According to the Congressional Budget Office’s analysis, these funding schemes will only be enough to last through 2018, after which Congress will have to find another $51 billion to keep the spending going for another three years. That shortfall alone is probably what killed the bill in the House, though it would be nice to think that House members were also wary of a 1,000-plus-page bill sprung on them at the last minute (scroll down to “SA 2266” or search for “DRIVE Act”).
Naturally, the Senate bill does nothing to fix any of the perverse incentives found in the current law, such as the fund that encourages transit agencies to choose the most expensive, rather than the most effective, transit solution in any corridor. Instead, it rewards transit agencies that have neglected their infrastructure by creating a new “state of good repair fund” to help restore that infrastructure, effectively telling the agencies that they can continue spending on new transit lines they can’t afford to maintain and Congress will bail them out.

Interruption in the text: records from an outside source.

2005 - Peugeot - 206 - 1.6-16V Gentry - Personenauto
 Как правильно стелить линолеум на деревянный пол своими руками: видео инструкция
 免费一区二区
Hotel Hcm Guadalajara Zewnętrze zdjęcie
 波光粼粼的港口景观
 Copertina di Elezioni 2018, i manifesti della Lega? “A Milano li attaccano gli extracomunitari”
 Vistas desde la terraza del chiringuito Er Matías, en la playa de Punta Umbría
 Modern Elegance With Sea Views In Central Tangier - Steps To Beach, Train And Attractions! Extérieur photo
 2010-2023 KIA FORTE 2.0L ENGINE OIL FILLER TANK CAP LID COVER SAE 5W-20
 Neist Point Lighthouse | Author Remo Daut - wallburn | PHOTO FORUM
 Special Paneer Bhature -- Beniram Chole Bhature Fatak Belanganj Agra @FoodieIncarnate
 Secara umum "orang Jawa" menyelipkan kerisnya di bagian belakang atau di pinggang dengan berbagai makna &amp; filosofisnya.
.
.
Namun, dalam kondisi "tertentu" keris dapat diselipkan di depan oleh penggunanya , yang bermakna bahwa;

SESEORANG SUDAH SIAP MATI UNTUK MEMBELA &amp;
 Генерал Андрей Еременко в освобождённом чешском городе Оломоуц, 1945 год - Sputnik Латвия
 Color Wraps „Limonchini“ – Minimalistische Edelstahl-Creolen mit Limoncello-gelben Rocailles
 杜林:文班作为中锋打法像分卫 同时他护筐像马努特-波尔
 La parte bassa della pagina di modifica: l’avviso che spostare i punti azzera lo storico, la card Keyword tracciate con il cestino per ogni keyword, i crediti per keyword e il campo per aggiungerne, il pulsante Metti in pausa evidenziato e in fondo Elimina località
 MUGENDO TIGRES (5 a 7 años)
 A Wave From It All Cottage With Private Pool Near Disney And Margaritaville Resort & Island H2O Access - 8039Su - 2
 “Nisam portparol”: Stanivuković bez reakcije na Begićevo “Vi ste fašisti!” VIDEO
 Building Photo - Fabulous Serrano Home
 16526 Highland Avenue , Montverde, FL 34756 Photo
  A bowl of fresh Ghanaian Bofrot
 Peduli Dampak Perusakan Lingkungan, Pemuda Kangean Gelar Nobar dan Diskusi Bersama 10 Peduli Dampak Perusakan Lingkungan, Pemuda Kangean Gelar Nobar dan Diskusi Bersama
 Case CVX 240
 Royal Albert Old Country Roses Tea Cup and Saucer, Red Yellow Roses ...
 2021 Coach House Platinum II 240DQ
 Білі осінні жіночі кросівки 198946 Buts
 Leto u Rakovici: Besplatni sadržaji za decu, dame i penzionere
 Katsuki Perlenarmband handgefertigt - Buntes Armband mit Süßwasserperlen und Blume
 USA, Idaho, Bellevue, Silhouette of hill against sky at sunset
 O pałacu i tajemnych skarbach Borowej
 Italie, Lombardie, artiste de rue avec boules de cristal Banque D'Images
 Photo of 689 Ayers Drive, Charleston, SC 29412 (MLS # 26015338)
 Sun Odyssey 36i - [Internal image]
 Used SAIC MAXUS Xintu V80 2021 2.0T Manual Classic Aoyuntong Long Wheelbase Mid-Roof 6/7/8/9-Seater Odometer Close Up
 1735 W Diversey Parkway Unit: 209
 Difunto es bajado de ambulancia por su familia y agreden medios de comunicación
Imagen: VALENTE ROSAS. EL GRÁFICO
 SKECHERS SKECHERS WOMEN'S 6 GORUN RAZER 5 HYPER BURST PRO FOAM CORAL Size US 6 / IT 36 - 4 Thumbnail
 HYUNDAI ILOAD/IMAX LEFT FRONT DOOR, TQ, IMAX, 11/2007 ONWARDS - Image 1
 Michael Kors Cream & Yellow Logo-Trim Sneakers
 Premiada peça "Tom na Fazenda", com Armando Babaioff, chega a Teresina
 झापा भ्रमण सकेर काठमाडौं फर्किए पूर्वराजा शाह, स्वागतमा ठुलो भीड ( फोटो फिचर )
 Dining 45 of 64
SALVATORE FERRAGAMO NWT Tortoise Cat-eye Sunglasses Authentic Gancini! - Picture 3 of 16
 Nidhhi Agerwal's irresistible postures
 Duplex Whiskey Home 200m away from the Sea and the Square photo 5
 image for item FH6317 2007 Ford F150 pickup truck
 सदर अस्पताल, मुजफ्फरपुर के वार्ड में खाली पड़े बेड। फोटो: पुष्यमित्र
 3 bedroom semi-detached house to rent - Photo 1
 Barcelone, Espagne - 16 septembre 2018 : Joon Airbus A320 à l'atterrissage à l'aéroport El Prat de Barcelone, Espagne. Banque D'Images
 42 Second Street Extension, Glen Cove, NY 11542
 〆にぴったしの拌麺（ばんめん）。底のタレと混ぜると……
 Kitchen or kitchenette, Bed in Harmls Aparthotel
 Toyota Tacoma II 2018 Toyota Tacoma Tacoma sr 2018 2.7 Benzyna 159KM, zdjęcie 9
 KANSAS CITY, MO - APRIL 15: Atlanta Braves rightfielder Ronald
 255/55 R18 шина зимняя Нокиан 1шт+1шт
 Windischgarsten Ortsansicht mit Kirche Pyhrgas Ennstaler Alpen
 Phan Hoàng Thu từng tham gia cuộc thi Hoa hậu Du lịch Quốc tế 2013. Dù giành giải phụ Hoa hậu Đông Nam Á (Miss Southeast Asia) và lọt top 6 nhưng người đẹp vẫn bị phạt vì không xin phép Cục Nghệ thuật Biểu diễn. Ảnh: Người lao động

These games won’t end until Congress does what is right rather than what is easy by returning to a true, pay-as-you-go system. While I agree with fiscal conservatives who think that the federal government doesn’t need to be involved in most transportation issues in the first place, as long as it is involved, the deficit spending is doing more harm than good by making state and local transportation agencies increasingly reliant on the federal government rather than on user fees. Opponents of the current system need to do more than support immediate devolution; they need to find a strategic path from the current system to one that is more responsive to transportation users.